My feet are rooted to the deck. My hands hang useless at my sides. All I can do is watch him close the distance between us, one agonizing step at a time, while my heart breaks and rebuilds and breaks again with every inch.

“I’m sorry,” he says. “For all of it.”

Before I can tell him that sorry isn’t nearly strong enough of a word to cover everything he’s done, black flames erupt around us.

The world goes muted.

The shouting, Kieran’s blade, Evie’s heat shield, Callie’s smug smile, the creak of the ship… all of it blurs behind a black wall of fire that burns without heat and devours without consuming.

It’s the between place. Logan pulled me here during the hellhound attack so we could plan and strategize and save everyone together.

That was back when I thought I knew him, when I thought we were a team.

I want to hit him. I want to run to him.

I want to cry and have him tell me that it’s lies, that he’s not what the Geryon’s saying he is.

But I can’t do any of those things, because my hands are shaking too badly to make fists, my feet are glued to the deck, and I have a sinking feeling that every horrible thing I just heard is true.

Then, finally, he speaks.

“Do you want to forget?”

His question lands like a slap.

“What?” I stare at him as the black flames flicker around us, casting moving shadows across the hard lines of his face.

His eyes are locked on mine, like my answer is all that’s standing between him and oblivion.

“Give me the word, and I’ll turn back time. You’ll forget everything you just learned.”

For one insane second, my heart lunges for the offer like a drowning person reaching for a rope.

Yes. Undo it.
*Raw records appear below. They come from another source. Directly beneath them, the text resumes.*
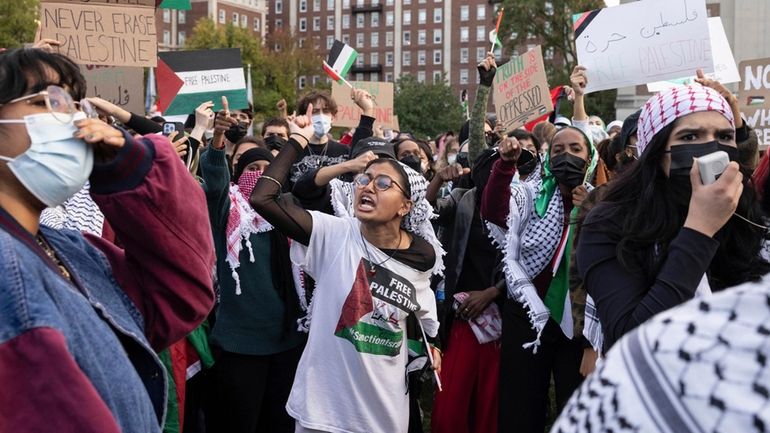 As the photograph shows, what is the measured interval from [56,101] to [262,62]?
225 feet

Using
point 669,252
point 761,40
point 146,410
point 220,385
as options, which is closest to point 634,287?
point 669,252

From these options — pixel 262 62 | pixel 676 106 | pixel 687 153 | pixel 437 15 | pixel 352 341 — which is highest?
pixel 437 15

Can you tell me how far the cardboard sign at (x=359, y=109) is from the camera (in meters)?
9.58

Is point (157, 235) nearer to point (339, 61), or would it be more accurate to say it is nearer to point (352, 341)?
point (352, 341)

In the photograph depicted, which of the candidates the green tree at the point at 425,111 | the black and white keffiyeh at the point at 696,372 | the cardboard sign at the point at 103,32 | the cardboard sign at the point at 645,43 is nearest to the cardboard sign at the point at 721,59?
the cardboard sign at the point at 645,43

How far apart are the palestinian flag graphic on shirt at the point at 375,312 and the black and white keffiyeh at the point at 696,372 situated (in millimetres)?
3134

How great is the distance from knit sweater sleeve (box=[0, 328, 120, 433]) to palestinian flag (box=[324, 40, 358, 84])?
7224 mm

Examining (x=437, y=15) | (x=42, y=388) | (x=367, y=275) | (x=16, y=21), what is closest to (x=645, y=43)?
(x=367, y=275)

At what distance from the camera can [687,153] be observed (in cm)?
284

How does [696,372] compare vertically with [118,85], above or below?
below

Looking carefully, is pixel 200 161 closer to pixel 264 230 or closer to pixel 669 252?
pixel 264 230

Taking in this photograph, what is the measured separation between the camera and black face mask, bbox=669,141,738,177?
9.26 feet

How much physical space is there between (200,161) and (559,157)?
2.04 meters

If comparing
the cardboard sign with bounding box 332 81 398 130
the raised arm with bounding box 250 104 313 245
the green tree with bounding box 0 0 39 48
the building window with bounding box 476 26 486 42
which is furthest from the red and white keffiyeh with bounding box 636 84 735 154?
the building window with bounding box 476 26 486 42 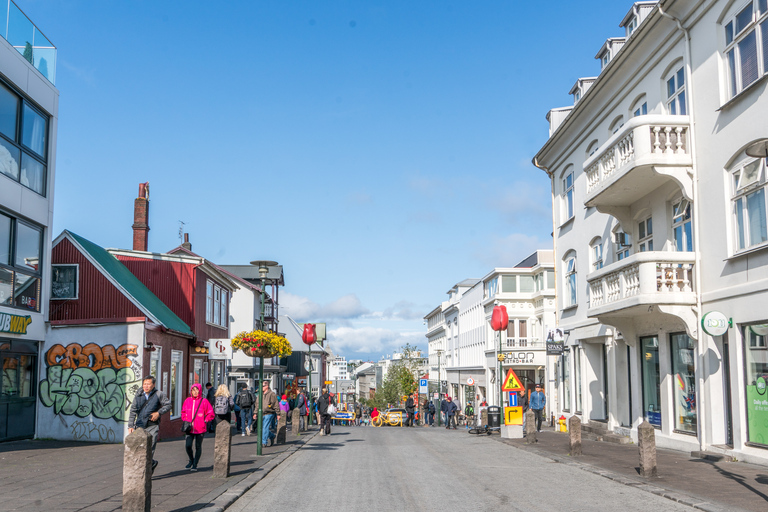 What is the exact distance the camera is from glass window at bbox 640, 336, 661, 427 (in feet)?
63.5

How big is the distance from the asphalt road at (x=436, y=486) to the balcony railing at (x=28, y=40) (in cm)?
1304

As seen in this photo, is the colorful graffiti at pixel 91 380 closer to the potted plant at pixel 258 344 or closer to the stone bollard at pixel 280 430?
the potted plant at pixel 258 344

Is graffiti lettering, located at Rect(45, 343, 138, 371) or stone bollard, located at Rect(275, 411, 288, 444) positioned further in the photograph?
stone bollard, located at Rect(275, 411, 288, 444)

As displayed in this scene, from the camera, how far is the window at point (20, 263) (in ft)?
61.3

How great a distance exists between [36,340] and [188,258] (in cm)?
913

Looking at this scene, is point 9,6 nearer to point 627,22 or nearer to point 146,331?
point 146,331

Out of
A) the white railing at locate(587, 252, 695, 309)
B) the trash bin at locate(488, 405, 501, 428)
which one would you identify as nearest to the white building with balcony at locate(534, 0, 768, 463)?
the white railing at locate(587, 252, 695, 309)

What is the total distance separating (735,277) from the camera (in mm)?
14867

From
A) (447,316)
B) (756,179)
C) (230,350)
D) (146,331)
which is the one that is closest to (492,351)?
(447,316)

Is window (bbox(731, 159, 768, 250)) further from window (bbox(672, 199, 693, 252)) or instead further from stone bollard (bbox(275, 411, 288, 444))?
stone bollard (bbox(275, 411, 288, 444))

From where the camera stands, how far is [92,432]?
2005 cm

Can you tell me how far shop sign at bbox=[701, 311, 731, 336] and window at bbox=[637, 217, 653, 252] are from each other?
534 centimetres

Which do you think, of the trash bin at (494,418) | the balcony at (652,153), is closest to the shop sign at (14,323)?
the balcony at (652,153)

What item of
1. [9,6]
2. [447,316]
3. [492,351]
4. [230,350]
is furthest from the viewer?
[447,316] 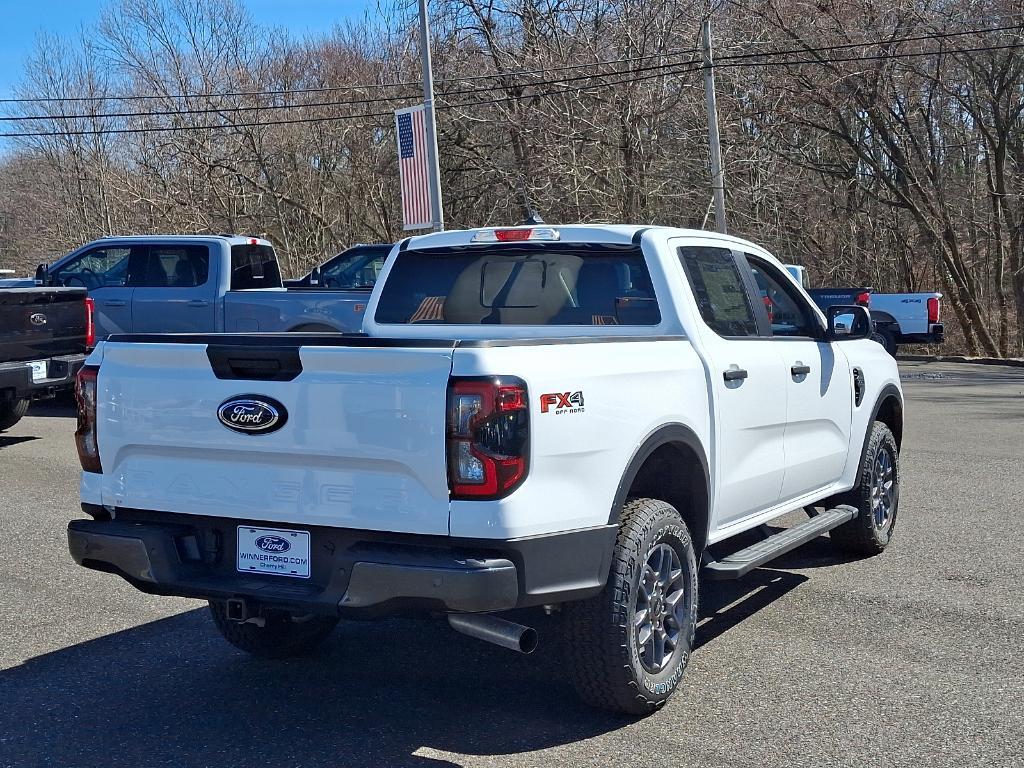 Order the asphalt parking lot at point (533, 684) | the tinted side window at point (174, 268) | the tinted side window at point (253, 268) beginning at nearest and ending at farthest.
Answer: the asphalt parking lot at point (533, 684), the tinted side window at point (174, 268), the tinted side window at point (253, 268)

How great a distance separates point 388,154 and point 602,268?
30.9 meters

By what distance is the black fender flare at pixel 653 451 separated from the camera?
14.0ft

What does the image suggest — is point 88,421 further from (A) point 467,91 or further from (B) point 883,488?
(A) point 467,91

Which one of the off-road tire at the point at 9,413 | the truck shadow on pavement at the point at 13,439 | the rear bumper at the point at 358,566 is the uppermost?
the off-road tire at the point at 9,413

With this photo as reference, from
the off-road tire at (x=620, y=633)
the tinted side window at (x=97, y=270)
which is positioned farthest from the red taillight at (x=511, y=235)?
the tinted side window at (x=97, y=270)

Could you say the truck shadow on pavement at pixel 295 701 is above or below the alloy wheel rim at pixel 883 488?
below

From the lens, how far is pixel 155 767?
4.12 meters

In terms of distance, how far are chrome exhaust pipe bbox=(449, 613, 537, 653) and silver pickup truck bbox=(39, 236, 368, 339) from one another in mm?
10530

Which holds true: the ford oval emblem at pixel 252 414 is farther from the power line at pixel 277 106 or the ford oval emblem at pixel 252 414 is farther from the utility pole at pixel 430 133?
the power line at pixel 277 106

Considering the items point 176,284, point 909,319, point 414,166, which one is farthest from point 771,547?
point 414,166

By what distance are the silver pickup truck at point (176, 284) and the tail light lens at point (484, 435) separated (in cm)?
1066

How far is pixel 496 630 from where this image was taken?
400 centimetres

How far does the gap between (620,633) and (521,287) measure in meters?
1.97

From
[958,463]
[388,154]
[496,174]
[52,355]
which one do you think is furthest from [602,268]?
[388,154] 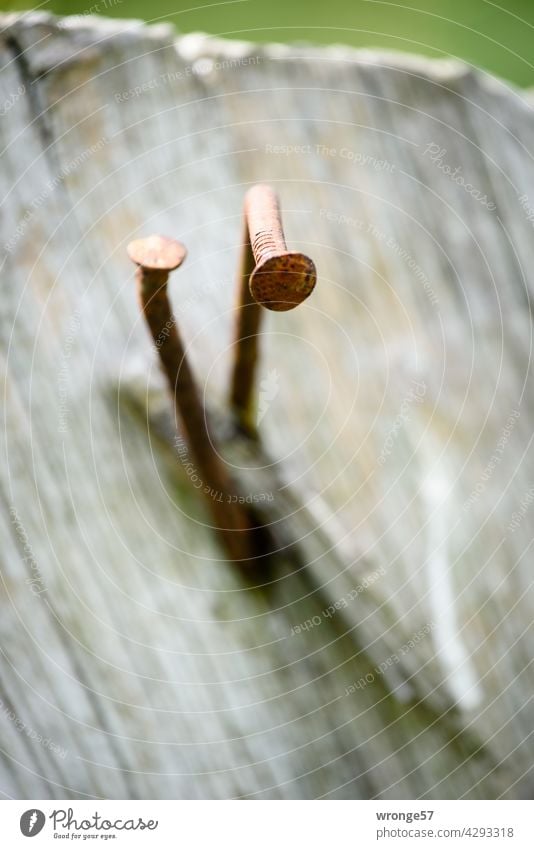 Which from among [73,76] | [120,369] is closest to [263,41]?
[73,76]

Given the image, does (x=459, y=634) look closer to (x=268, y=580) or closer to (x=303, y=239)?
(x=268, y=580)

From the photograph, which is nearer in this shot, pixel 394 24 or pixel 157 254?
pixel 157 254

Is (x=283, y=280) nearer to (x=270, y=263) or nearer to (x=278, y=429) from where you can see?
(x=270, y=263)

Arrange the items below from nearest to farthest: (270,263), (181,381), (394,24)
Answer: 1. (270,263)
2. (181,381)
3. (394,24)
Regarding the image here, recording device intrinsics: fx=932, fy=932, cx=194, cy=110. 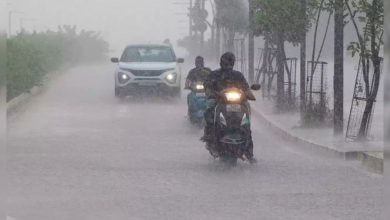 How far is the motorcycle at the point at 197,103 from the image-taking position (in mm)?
16828

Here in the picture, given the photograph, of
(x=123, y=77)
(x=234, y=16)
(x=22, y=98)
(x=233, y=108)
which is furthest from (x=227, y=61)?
(x=234, y=16)

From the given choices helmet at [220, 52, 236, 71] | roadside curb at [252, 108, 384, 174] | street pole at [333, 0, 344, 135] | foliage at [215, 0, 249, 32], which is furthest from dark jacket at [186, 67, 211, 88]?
foliage at [215, 0, 249, 32]

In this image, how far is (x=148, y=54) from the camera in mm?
26688

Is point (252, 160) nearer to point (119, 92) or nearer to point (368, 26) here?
point (368, 26)

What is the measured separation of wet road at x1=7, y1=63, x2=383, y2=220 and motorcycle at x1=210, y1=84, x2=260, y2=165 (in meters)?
0.31

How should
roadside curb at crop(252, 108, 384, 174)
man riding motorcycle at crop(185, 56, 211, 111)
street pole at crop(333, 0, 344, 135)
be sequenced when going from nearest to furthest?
roadside curb at crop(252, 108, 384, 174), street pole at crop(333, 0, 344, 135), man riding motorcycle at crop(185, 56, 211, 111)

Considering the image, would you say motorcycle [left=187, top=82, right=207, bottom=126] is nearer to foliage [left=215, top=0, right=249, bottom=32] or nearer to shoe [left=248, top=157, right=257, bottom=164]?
shoe [left=248, top=157, right=257, bottom=164]

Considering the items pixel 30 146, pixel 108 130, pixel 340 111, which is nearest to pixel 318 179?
pixel 340 111

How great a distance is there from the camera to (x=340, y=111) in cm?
1488

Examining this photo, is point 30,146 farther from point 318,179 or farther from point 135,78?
point 135,78

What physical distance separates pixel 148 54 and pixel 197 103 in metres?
9.62

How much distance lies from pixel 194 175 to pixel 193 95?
241 inches

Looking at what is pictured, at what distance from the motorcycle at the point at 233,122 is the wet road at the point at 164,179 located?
31cm

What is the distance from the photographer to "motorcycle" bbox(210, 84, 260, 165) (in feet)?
38.5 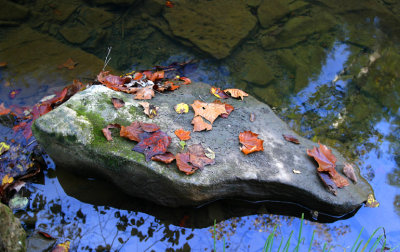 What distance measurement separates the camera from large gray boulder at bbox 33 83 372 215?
2.96 meters

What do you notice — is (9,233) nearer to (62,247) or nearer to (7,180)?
(62,247)

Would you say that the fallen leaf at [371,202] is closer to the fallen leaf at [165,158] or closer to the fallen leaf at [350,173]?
the fallen leaf at [350,173]

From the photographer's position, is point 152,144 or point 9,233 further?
point 152,144

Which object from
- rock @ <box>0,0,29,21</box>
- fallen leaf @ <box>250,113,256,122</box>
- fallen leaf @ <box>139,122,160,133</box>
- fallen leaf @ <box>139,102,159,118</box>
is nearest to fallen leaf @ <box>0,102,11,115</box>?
fallen leaf @ <box>139,102,159,118</box>

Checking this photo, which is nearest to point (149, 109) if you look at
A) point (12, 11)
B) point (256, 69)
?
point (256, 69)

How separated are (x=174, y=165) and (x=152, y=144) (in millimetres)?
313

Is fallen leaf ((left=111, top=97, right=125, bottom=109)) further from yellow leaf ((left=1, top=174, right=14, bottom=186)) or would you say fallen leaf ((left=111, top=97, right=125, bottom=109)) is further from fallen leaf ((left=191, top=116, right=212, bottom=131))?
yellow leaf ((left=1, top=174, right=14, bottom=186))

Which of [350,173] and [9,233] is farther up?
[350,173]

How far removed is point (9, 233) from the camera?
2146mm

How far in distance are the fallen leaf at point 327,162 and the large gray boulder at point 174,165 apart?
0.08 meters

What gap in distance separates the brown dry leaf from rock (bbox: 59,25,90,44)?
127 inches

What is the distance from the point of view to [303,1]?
6629mm

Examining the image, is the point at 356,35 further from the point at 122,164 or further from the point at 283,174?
the point at 122,164

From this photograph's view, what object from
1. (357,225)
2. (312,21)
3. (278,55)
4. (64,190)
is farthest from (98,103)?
(312,21) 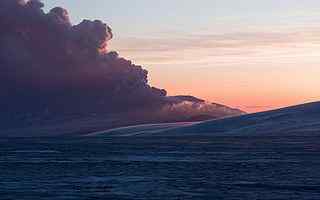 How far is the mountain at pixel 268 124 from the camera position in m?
156

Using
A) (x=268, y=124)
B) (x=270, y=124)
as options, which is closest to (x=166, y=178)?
(x=270, y=124)

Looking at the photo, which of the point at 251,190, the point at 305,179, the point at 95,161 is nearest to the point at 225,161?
the point at 95,161

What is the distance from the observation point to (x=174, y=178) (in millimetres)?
61031

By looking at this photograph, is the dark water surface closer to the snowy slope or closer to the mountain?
the mountain

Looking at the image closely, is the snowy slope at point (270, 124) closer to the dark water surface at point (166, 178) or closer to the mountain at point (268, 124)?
the mountain at point (268, 124)

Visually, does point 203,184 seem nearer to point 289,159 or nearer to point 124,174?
point 124,174

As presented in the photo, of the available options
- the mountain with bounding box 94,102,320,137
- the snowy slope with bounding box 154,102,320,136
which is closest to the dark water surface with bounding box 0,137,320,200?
the mountain with bounding box 94,102,320,137

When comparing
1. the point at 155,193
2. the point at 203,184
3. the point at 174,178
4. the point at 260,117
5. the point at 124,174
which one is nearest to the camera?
the point at 155,193

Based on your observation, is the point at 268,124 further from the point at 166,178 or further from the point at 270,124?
the point at 166,178

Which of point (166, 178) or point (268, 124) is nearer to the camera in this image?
point (166, 178)

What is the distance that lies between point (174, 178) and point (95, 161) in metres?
24.2

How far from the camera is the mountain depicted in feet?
511

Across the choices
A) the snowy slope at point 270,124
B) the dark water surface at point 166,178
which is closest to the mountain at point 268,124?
the snowy slope at point 270,124

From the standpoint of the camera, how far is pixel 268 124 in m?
167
Let me go back to ten minutes ago when you were just Logan, the man who saved my life and trained me in secret and told me I was the only person who makes him feel alive.

“How?” I gesture at the wall of black flame separating us from the rest of the world. “The Geryon isn’t going to skip over you because you went back thirty seconds, or even a few minutes. It’ll just reveal you again and again, until you break from it.”

“I know.”

“So how would going back change anything?”

“I’ll find a way.” His gaze burns into mine, as if he’s trying to sear the words into my soul. “Yes, I have my limits, but for you, I’ll find a way.”

And he would. It’s written across every line of his face. He would shatter time itself, fracture his mind, and break every rule of magic that exists.

All so I could keep loving him, blind to the truth of what he truly is.